# Appropriate light for growing hemianthus



## Fergus (Jul 11, 2011)

I have a 2.5 Gal tank with 2 trays of hemianthus, some dwarf hair grass and java moss. 

I originally had a mineland led light (the $40 one from petsmart) but it didn't seem to be enough light to promote growth in anything other than the moss. 

I recently purchased the fluval mini-power compact lamp (from the Menagerie) and it seems to be brighter. They recommended i use 2 of the same fixture, but i was wondering if i could get away with only one. The water is only about 6" deep, and the light is about 2" - 2.5" from the water.

The trays started fairly healthy, but after 2 weeks were looking pretty sad.

I have a fluval pressurized co2 system with a ceramic diffuser under the siphon output coming from the 10 gal planted right next to it.

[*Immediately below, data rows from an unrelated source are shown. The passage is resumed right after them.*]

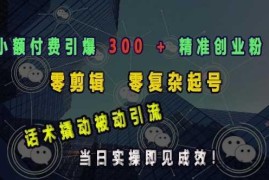 小额付费引爆 300 + 精准创业粉，零剪辑、零复杂起号，话术撬动被动引流，当日实操即见成效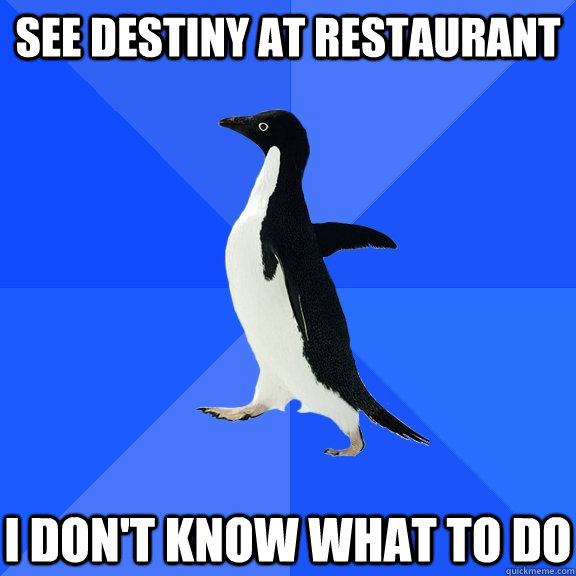 see destiny at restaurant i dont know what to do - Socially Awkward Penguin
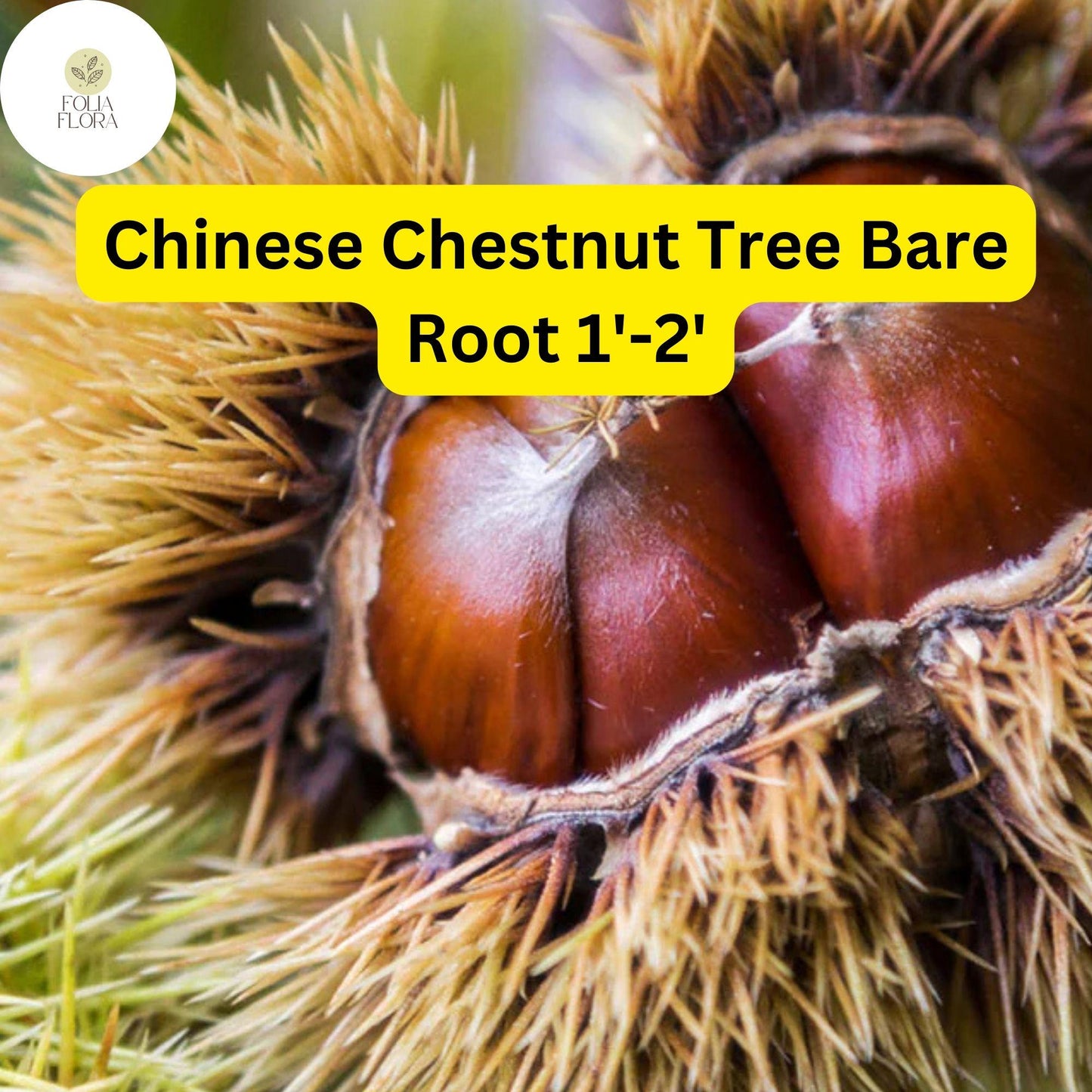 2 Castanea mollissima Chinese Chestnut Tree - Live Bare Root Plant 1'-2' for Zones 4-8 - Edible Nuts, Hardy Tree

There is a siphon leading from the 2.5 to a 5 gal sump with 2 filters and a heater. There is about 300 g/h filtration and about 17.5 gal in the system.


----------



## ThaChingster (Feb 25, 2011)

just use a 23w 6500k CFL in a desk lamp


----------



## Fergus (Jul 11, 2011)

Thanks. I wish i had posted this before buying that new light. I'll get a clip on light from canadian tire and grab that bulb.

Do you think the trays will be covered by healthy growth eventually or should I take them out?


----------



## ThaChingster (Feb 25, 2011)

I would put the HC into the gravel, which would make it spread out into a nice carpet


----------